Provided entries.
+++

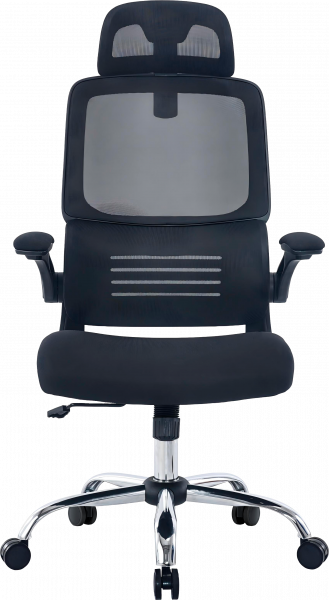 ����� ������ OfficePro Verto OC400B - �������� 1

+++

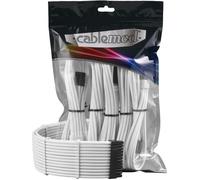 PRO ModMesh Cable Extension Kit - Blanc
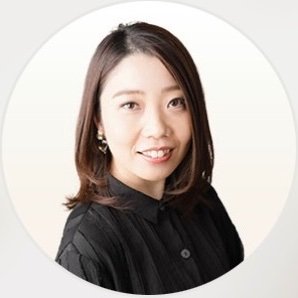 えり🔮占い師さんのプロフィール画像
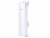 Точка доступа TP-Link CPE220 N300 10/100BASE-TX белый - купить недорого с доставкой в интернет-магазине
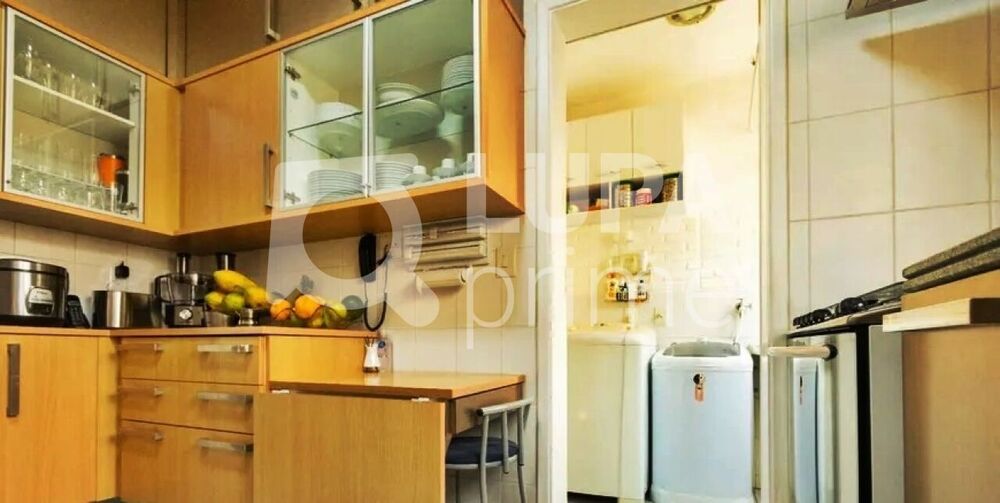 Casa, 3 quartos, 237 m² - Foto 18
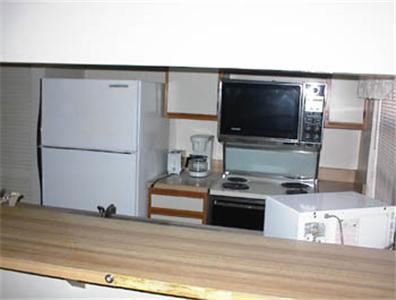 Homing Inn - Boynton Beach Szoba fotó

+++

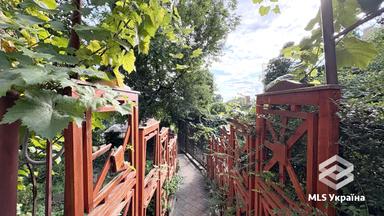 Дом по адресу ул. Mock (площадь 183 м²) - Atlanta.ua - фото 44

+++

Task objective. Exactly the lines starting at the one above with "Точка доступа TP-Link" and ending at the one with "Homing Inn - Boynton Beach Szoba fotó" should be printed, and nothing else. Omit the pictures.

The completed task.
 Точка доступа TP-Link CPE220 N300 10/100BASE-TX белый - купить недорого с доставкой в интернет-магазине
 Casa, 3 quartos, 237 m² - Foto 18
 Homing Inn - Boynton Beach Szoba fotó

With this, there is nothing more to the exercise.